## Data extracts
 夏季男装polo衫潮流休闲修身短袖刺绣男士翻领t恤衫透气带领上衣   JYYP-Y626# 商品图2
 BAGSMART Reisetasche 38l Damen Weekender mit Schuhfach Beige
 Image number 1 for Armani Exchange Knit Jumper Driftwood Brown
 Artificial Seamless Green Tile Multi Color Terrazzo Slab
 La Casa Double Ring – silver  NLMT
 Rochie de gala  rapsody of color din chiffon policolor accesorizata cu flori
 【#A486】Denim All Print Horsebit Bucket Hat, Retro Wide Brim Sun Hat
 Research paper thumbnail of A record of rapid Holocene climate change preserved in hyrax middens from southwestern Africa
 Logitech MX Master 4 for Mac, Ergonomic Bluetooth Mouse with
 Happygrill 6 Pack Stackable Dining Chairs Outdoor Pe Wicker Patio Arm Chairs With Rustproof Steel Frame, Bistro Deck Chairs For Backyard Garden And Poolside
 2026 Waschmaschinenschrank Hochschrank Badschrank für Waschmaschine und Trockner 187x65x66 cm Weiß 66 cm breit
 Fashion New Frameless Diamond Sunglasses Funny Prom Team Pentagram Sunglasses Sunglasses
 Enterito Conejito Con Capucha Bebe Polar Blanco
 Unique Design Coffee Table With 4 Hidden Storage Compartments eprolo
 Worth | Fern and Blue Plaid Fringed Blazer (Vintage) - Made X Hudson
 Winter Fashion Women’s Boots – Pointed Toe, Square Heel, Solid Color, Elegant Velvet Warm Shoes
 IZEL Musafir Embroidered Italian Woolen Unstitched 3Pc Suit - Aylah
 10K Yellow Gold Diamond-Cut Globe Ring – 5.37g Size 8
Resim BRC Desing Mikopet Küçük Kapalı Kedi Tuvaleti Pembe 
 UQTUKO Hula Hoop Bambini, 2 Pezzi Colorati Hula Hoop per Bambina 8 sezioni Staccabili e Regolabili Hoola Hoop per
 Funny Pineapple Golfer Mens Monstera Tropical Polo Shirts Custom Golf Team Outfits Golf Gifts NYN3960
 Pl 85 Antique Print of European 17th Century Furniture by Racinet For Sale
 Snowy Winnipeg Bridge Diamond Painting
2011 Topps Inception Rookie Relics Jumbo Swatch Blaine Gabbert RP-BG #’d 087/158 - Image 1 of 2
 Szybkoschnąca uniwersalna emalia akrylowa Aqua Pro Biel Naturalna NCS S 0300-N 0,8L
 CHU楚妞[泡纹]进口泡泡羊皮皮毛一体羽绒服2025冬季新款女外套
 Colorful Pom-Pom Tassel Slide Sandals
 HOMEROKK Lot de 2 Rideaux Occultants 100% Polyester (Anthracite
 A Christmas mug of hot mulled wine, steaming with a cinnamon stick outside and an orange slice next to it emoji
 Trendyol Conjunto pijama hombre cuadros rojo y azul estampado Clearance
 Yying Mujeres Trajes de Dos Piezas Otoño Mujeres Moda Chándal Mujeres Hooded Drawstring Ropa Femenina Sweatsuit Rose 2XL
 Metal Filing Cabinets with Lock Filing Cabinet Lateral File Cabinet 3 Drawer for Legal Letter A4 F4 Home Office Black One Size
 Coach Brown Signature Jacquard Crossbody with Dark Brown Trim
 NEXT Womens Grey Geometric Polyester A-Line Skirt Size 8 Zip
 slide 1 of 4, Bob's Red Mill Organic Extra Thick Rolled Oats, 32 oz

## Work instruction
From the line containing "Metal Filing Cabinets" down to the final line of the data, write out every line exactly; both the first and last of these belong in your answer, and nothing else does.

## Answer below
 Metal Filing Cabinets with Lock Filing Cabinet Lateral File Cabinet 3 Drawer for Legal Letter A4 F4 Home Office Black One Size
 Coach Brown Signature Jacquard Crossbody with Dark Brown Trim
 NEXT Womens Grey Geometric Polyester A-Line Skirt Size 8 Zip
 slide 1 of 4, Bob's Red Mill Organic Extra Thick Rolled Oats, 32 oz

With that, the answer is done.